Film Review: Tell Spring Not To Come This Year


Writing this on Remembrance Sunday, there’s no better time to meditate on the human cost and victims of modern warfare. There have been many documentaries and films written about the futility of war, but in the modern arenas of Iraq, Syria and Afghanistan (to name but a few) the emphasis is normally about the involvement of Western powers. In Tell Spring Not to Come This Year co-directors Saeed Taji Farouky and Michael McEvoy tell the story of the war in Afghanistan from the perspective of those Afghan fighting it.

At the time NATO are pulling-out of Afghanistan, Helmand Province is as dangerous as ever. Tell Spring Not to Come This Year follows a unit of the Afghan National Army over the course of their first year of fighting against the Taliban. Albeit trained by the Americans, they are clearly unprepared and uncoordinated, with an absence of leadership and support from those in charge. We follow the recruits as they come to terms with losing their friends and being thrown into a dangerous battle to hold the strategic town of Sangin.

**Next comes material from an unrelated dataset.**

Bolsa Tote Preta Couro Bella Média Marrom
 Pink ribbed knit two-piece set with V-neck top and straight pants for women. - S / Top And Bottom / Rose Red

Tell Spring Not to Come This Year is not a sensationalist documentary concerned with broadcasting its message by shocking an audience. It’s an intimate portrait of the lives of these fighters. We learn their hopes for the future and their fears for the present, along with why they joined-up in the first place. For some it’s through a sense of patriotism, whilst others see it as a way out of poverty. It’s refreshing to see a film from the perspective of those abandoned to pick up the pieces when the rich countries have had enough.

Tell Spring Not to Come This Year is out in cinemas on Friday.